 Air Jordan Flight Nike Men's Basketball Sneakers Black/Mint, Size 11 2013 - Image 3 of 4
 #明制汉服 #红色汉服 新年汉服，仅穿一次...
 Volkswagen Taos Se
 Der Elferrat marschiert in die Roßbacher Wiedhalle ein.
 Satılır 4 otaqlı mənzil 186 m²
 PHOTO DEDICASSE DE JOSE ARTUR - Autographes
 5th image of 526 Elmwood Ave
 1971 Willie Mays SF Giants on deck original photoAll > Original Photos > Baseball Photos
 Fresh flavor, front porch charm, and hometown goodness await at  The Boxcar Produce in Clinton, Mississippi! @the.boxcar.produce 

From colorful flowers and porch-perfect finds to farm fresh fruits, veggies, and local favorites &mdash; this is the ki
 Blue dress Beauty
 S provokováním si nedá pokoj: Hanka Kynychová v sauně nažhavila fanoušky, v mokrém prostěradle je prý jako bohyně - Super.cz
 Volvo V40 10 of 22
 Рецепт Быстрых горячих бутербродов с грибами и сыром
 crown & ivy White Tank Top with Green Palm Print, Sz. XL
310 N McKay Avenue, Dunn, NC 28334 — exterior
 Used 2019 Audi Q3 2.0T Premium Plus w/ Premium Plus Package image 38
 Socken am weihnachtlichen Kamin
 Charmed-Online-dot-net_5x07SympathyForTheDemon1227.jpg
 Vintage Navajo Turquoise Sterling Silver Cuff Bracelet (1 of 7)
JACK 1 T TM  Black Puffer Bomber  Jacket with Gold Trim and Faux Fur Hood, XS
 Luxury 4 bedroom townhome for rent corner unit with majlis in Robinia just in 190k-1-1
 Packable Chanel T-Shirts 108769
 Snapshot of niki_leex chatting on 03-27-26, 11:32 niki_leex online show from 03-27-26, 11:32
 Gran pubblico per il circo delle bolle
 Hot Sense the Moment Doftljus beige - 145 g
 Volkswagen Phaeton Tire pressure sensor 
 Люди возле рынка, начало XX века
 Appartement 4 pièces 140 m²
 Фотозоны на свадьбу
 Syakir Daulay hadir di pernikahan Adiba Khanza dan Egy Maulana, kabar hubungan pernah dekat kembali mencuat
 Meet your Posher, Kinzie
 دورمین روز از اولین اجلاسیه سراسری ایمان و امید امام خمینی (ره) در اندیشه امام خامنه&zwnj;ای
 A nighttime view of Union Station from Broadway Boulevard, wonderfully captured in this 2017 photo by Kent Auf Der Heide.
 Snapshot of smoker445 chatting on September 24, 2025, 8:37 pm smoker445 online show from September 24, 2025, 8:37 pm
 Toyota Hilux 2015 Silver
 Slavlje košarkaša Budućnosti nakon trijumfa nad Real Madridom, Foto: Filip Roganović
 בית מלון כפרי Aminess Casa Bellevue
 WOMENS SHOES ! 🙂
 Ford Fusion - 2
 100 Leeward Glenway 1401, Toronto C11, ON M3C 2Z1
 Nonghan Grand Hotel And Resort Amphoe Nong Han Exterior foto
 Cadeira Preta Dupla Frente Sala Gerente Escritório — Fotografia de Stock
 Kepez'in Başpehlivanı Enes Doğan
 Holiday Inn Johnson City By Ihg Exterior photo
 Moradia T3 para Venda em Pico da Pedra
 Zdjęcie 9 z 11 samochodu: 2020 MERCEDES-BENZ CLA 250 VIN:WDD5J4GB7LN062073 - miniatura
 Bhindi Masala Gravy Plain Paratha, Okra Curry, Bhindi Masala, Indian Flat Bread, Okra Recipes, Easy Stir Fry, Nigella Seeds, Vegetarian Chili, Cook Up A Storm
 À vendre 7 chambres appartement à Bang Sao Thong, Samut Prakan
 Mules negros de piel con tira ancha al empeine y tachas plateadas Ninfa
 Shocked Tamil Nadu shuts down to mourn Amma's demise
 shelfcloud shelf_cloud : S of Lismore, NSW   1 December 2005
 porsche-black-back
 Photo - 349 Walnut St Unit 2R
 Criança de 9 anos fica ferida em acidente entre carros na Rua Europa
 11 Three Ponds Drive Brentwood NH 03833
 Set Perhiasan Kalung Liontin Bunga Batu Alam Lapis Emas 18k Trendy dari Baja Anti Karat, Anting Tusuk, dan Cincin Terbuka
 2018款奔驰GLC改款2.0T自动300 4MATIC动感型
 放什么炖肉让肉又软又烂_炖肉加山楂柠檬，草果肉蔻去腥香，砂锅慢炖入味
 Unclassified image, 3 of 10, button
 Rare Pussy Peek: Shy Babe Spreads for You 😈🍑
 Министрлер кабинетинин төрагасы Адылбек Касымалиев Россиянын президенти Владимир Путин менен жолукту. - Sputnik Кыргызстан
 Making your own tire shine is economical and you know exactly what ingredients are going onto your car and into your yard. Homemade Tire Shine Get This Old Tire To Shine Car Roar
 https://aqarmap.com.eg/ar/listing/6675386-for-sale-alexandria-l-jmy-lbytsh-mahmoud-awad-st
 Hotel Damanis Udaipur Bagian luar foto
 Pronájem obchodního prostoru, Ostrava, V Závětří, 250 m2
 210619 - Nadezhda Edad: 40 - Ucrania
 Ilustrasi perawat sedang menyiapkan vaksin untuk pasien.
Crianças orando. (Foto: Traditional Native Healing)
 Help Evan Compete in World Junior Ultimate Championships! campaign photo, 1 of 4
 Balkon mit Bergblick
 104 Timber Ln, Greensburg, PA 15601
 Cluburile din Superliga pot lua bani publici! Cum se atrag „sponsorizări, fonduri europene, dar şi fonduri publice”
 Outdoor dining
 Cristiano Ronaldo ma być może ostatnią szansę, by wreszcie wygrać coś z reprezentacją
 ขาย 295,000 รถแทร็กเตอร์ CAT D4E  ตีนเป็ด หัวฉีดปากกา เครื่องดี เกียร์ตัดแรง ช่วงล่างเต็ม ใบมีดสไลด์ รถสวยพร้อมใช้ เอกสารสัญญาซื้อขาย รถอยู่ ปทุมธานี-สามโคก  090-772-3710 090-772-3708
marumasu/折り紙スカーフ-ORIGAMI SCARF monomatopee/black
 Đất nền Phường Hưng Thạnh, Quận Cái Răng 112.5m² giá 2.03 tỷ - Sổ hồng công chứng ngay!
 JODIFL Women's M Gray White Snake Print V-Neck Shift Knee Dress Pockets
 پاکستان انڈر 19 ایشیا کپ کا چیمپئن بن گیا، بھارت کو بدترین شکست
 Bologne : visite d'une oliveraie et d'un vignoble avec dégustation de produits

==============================

THE TASK => Copy each line of the records that has "porch" in it.

WRITTEN ANSWER =>
 Fresh flavor, front porch charm, and hometown goodness await at  The Boxcar Produce in Clinton, Mississippi! @the.boxcar.produce 
From colorful flowers and porch-perfect finds to farm fresh fruits, veggies, and local favorites &mdash; this is the ki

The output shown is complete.